PART I
November 1635 The dark, broad seas
Chapter 1
Tetschen, near the border between Saxony and Bohemia The view from Freiherr von Thun's castle was magnificent. Set on a rocky knoll right above the quays of Tetschen, called Decin by the Czech locals, the old castle not only dominated the river Elbe, but provided a fine view to the north. The building had been designed more as a customs and toll stop, rather than being a fortification built with combat in mind. Its old-fashioned curtain walls were ill-suited to receive artillery fire of any kind. Still, its few guns covered the riverfront from bank to bank and they could be expanded by leaving behind some of the Third Division's artillery.
For the purpose Mike Stearns had in mind-possible purpose, he cautioned himself-Tetschen was better than any other place the Third Division had passed through since they entered the low range of mountains that separated the Bohemian and Saxon plains. Those mountains were called the Erzgebirge in German and Krusne hory in Czech.
Tetschen had three things to recommend it:
First, it was obviously the best bottleneck to thwart an army trying to enter Bohemia from the north or Saxony from the south.

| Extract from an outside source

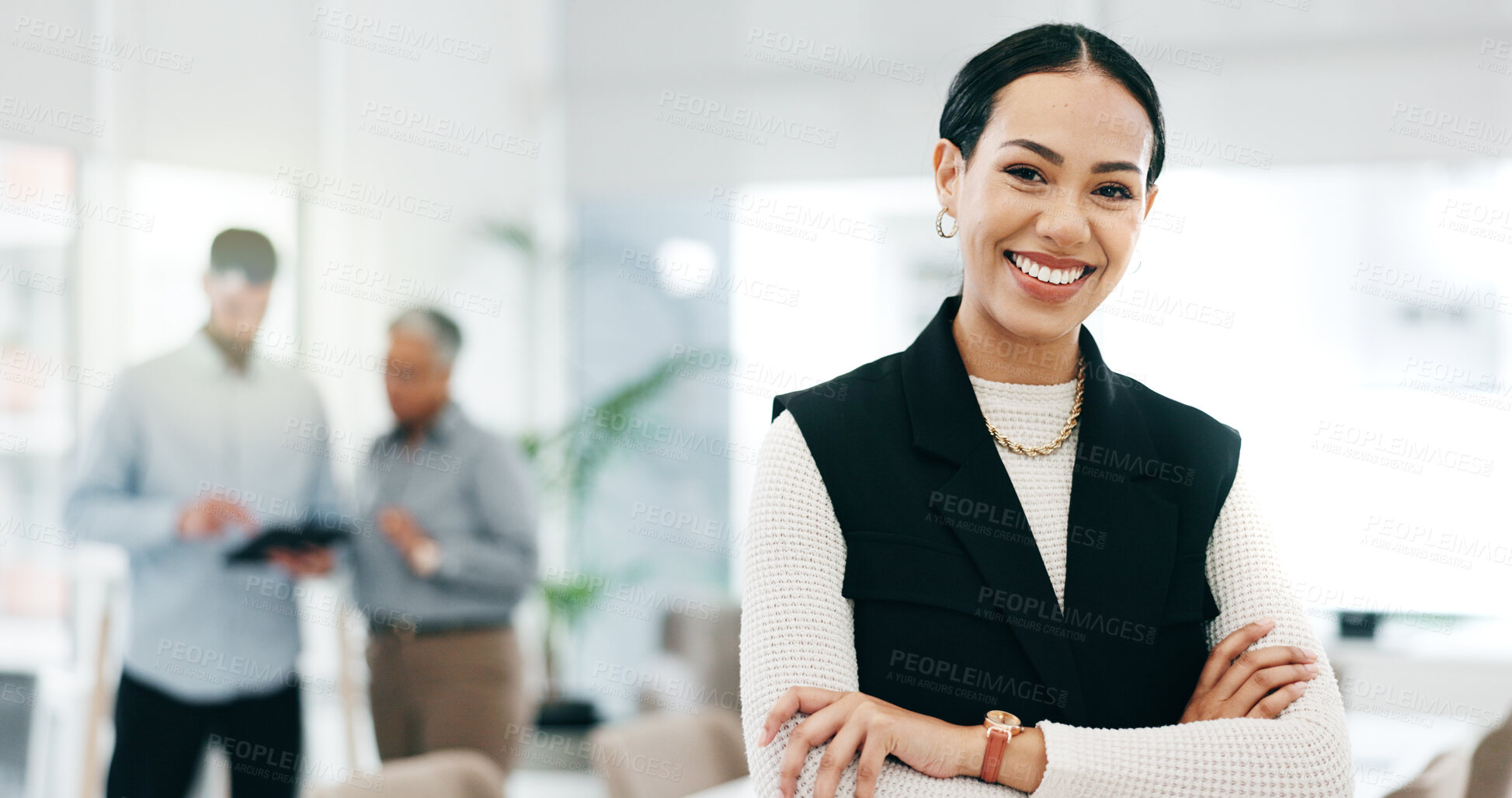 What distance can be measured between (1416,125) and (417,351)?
129 inches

The Erzgebirge were not tall mountains. The two highest peaks, Klinovec and Fichtelberg, were only four thousand feet high. The terrain resembled a scaled-down version of Mike's familiar Appalachia. It was nothing like the Alps or the Carpathians, much less the Rockies. Moreover, Klinovec and Fichtelberg were quite a ways to the west. Here, in the eastern part of the mountain range, the terrain was much lower. The Third Division's engineers had told Mike that the altitude of Tetschen itself was only four hundred and fifty feet above sea level.
Still, as low as they might be, the Erzgebirge were mountains.